### WHAT YOU NEED TO DO
Once the line containing "Harbor Bay By" is found in the entries below, restate it and each following line word for word, stopping after the line containing "4th of July".

══ INPUT MATERIAL ══

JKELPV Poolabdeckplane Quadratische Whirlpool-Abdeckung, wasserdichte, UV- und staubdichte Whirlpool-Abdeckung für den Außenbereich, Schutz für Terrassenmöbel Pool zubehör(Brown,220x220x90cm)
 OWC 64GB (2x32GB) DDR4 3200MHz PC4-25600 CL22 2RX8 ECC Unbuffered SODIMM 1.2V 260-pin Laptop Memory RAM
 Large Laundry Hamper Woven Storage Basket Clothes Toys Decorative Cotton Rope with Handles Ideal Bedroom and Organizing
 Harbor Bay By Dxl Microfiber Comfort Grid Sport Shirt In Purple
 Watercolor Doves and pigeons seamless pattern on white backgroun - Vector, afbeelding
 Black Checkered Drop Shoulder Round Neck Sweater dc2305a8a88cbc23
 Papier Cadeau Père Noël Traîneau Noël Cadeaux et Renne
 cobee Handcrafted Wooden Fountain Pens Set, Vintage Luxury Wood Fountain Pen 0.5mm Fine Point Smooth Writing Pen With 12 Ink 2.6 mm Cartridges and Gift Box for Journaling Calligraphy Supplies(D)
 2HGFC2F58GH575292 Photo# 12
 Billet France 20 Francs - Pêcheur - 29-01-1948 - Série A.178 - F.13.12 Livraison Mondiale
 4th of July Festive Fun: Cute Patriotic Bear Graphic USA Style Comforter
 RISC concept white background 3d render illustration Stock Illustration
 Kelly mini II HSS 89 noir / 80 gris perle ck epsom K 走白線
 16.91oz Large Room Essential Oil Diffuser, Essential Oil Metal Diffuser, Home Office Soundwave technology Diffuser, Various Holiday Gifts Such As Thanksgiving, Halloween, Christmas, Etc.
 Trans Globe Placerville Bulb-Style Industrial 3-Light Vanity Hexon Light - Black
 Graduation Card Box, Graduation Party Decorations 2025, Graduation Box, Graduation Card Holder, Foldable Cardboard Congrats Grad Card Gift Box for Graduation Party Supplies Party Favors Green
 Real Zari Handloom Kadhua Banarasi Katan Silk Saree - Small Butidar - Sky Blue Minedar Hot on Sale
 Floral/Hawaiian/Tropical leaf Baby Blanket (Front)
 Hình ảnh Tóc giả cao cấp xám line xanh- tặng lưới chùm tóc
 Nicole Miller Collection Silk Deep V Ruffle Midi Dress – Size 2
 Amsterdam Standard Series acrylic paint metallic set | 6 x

═══

### PROBLEM SOLUTION
 Harbor Bay By Dxl Microfiber Comfort Grid Sport Shirt In Purple
 Watercolor Doves and pigeons seamless pattern on white backgroun - Vector, afbeelding
 Black Checkered Drop Shoulder Round Neck Sweater dc2305a8a88cbc23
 Papier Cadeau Père Noël Traîneau Noël Cadeaux et Renne
 cobee Handcrafted Wooden Fountain Pens Set, Vintage Luxury Wood Fountain Pen 0.5mm Fine Point Smooth Writing Pen With 12 Ink 2.6 mm Cartridges and Gift Box for Journaling Calligraphy Supplies(D)
 2HGFC2F58GH575292 Photo# 12
 Billet France 20 Francs - Pêcheur - 29-01-1948 - Série A.178 - F.13.12 Livraison Mondiale
 4th of July Festive Fun: Cute Patriotic Bear Graphic USA Style Comforter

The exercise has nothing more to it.